I'm getting an "longer object length not multiple of shorter object length" warning in R when comparing two integers to subset a dataframe in the midst of a user defined function.

The user defined function just returns the median of a subset of integers taken from a dataframe:

function(s){ return(median((subset(EDB,as.integer(validSession) == as.integer(s)))$absStudentDeviation)) }

(I did not originally have the as.integer coercions in there.
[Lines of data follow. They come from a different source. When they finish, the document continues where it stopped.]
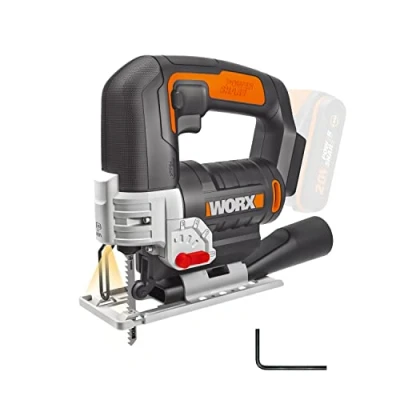 Imagen de Sierra de calar 20V Máx. WORX WX543.9 Sistema penduleo 4 posiciones Sin batería ni cargador Cambio rápido hoja Luz LED 24mm corte Caja cartón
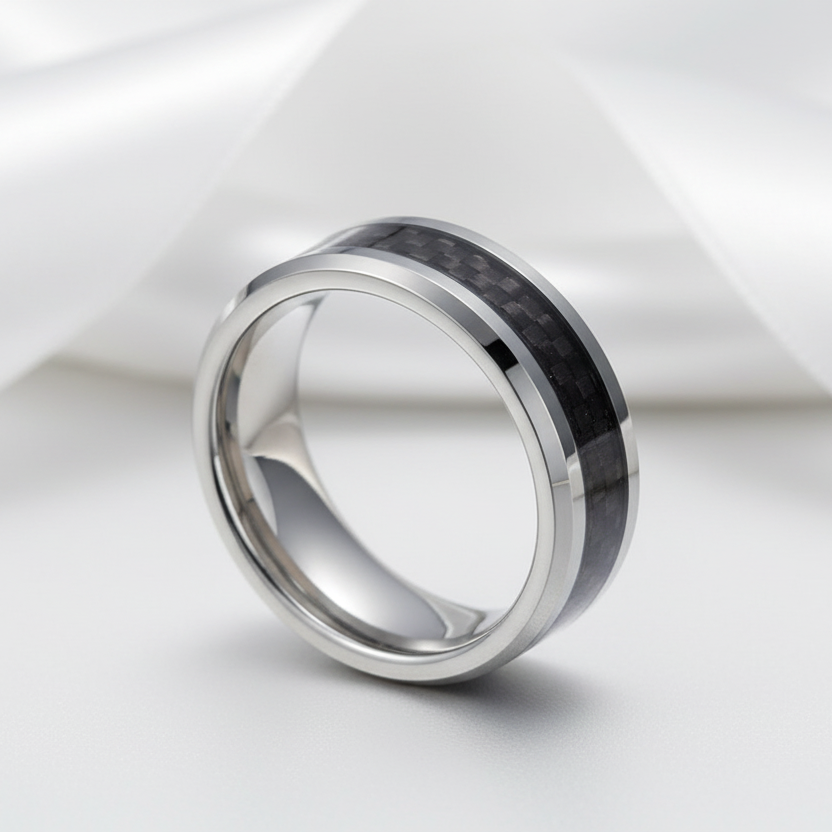 Men's Tungsten Wedding Band with Black Carbon Fiber-Black Diamonds New York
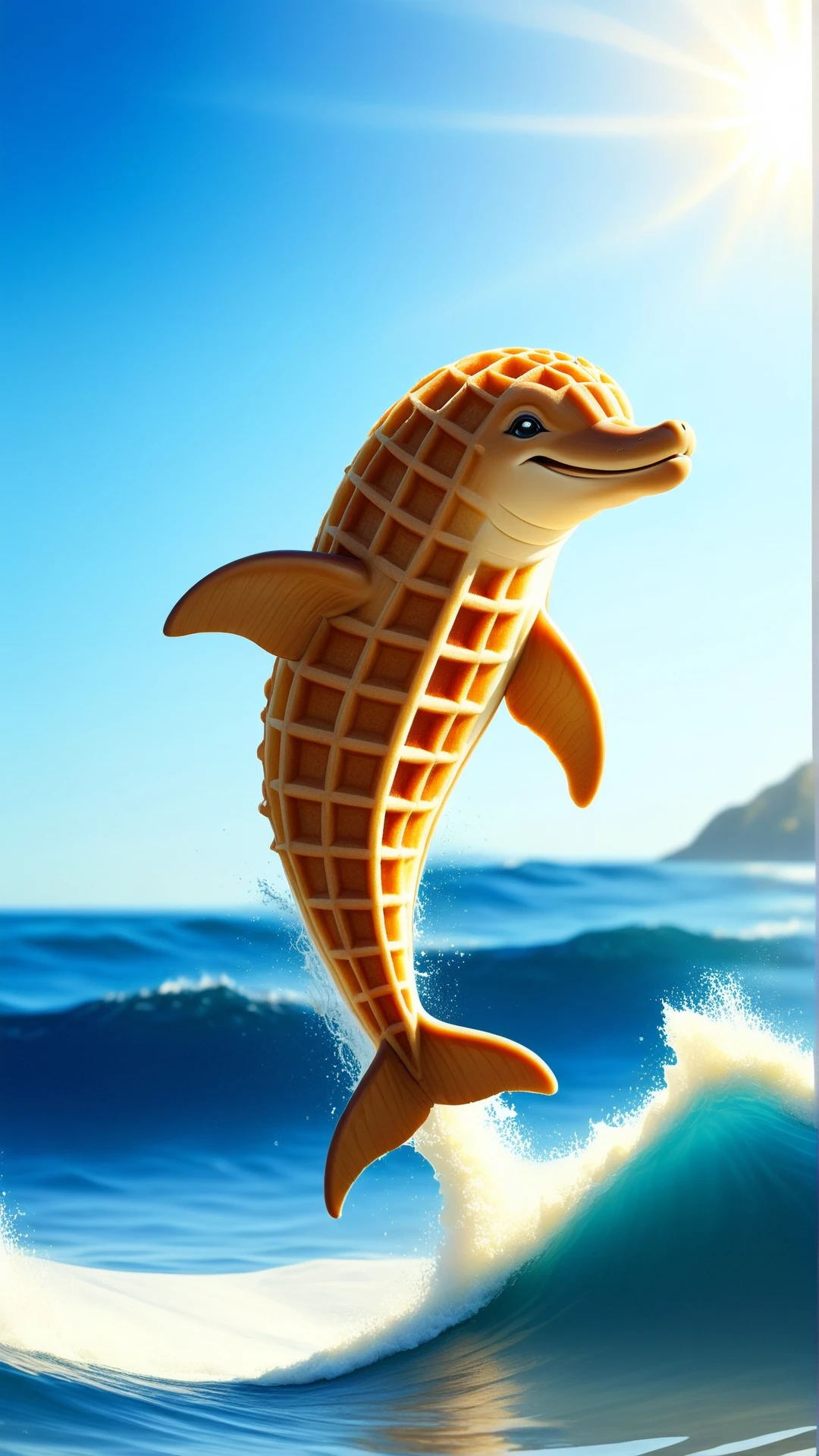 <lora:WaffleStyleXL:1>WaffleStyle a playful dolphin leaping out of glistening ocean waves, made out of waffles, (Masterpiece:1.3) (best quality:1.2) (high quality:1.1)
I put them there to debug, text, and I'm still getting an error.)

The specific error I'm getting is:

In as.integer(validSession) == as.integer(s) : longer object length is not a multiple of shorter object length

I get this warning over 50 times when calling:

mediandf <- ddply(mediandf,.(validSession), transform, grossMed2 = medianfuncEDB(as.integer(validSession)))
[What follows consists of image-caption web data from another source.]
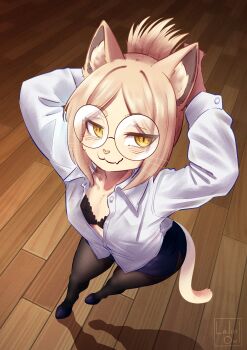 1girl animal_ear_fluff animal_ears animal_nose arms_behind_head black_bra black_shoes black_skirt blonde_hair blush bra breasts buttons cat_ears cat_girl cat_tail cleavage collarbone commentary english_commentary fang folded_ponytail from_above full_body furry furry_female glasses highres hitoner jacket lalinowl long_sleeves looking_at_viewer parted_bangs partially_open_shirt partially_unbuttoned pencil_skirt round_eyewear shadow shirt shoes skin_fang skirt slit_pupils small_breasts snout solo tail tonerico underwear whiskers white_shirt wooden_floor yellow_eyes yellow_fur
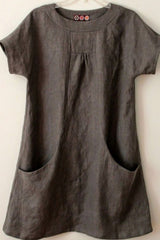 Plain Pockets Round Neck Short Sleeves Blouse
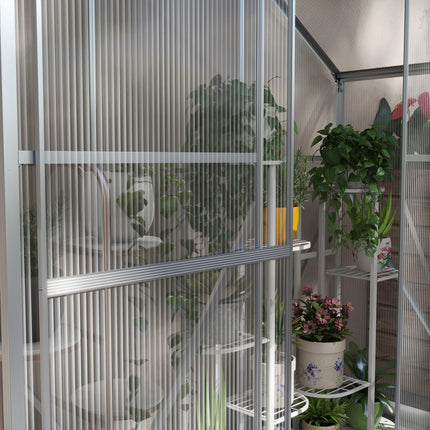 6 Foot Polycarbonate Greenhouse with Sliding Door and Rain Gutter - Silver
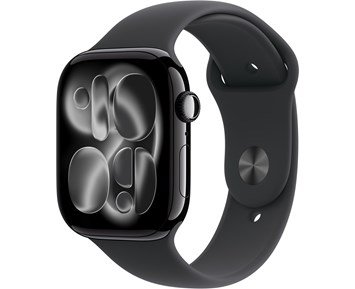 Watch Series 11 GPS + Cellular 46mm Jet Black Aluminium Case with Black Sport Band - M/L - Apple Watch Series 11 GPS + Cellular – 46mm M/L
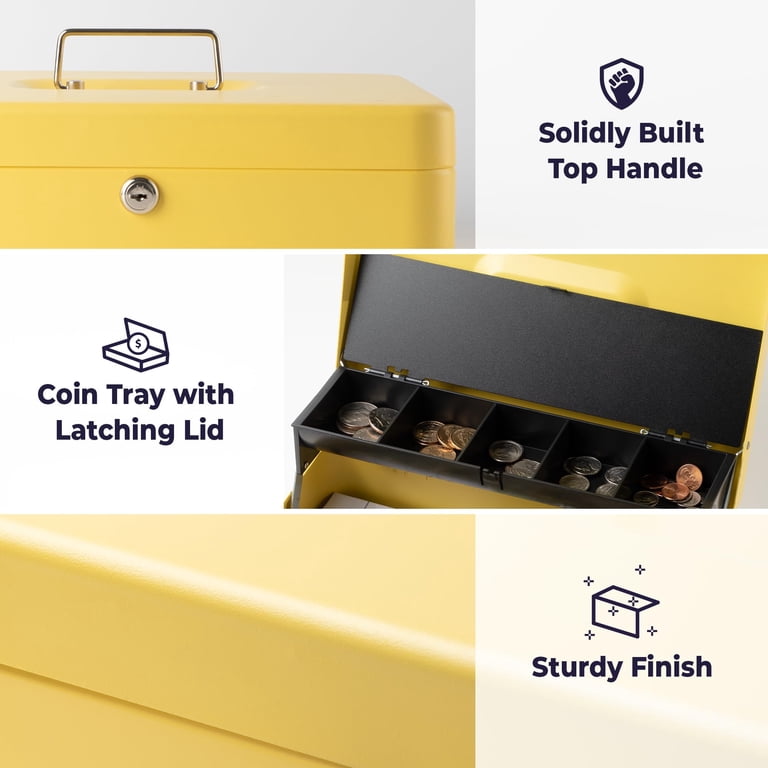 WK-ke-29 Volcora Large Cash Box With Key Lock, Metal Money Box For Cash, Portable Locking Safe Box With Coin Tray, Durable Money Saving O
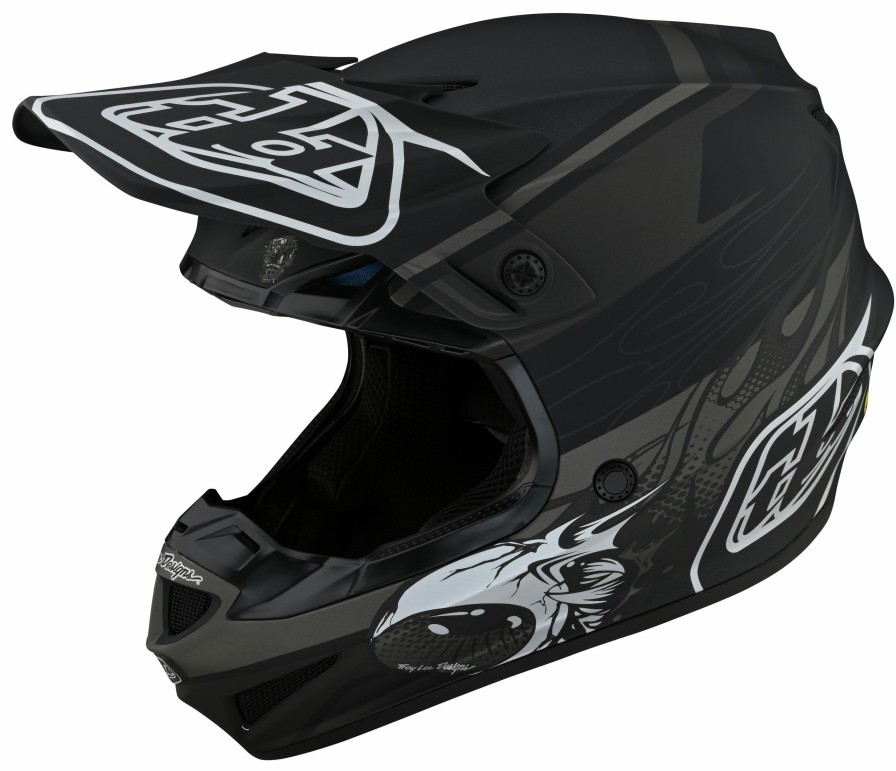 Dirt * | Troy Lee Designs Troy Lee Se4 Polyacrylite Mips Skooly Helmet / Md [Blemished Very Good] Black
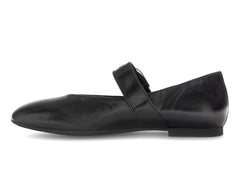 Gabor 74.144.20, flat Black shoe with a strap on white background. 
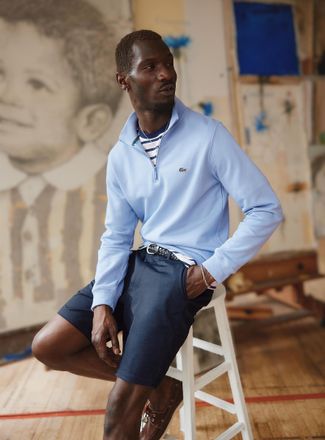 Le 31 Mens Semi-plain chino Bermuda Shorts Inseam: 9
The goal is to calculate the median of $validSession associated with the given validSession in the large dataframe EDB and attach that vector to mediandf.

I have actually double-checked that all values for validSession in both the mediandf dataframe and the EDB dataframe are integers by subsetting with is.integer(validSession).

Furthermore, it appears that the command actually does what I intend, I get a new column in my dataframe with values I have not verified, but I want to understand the warning. if "medianfuncEDB" is being called with an integer as its input, why am I getting a "longer object length is not multiple of shorter object length" when s == validSession is called?

Note that simple function calls, like medianfuncEDB(5) work without any problems, so why do I get warnings when using ddply?

EDIT: I found the problem with the help of Joran's comment. I did not know that transform fed entire vecotrs into the function. Using validSession[1] instead gave no warnings.

## Answers

The ddply function already subsets your data frame by validSession. Hence transform is only fed a data frame with all the rows corresponding to a particular validSession.

That is, transform is already being fed subset(mediandf,validSession==s) for each s in unique(mediandf$validSession).

Since you don't have to do any subsetting (ddply takes care of that), all you need to do is:

ddply(mediandf,.(validSession),transform,grossMed2=median(absStudentDeviation))

And then you'll get mediandf back out with a new column grossMed2 with the value you want (so it will be the same value within each unique validSession).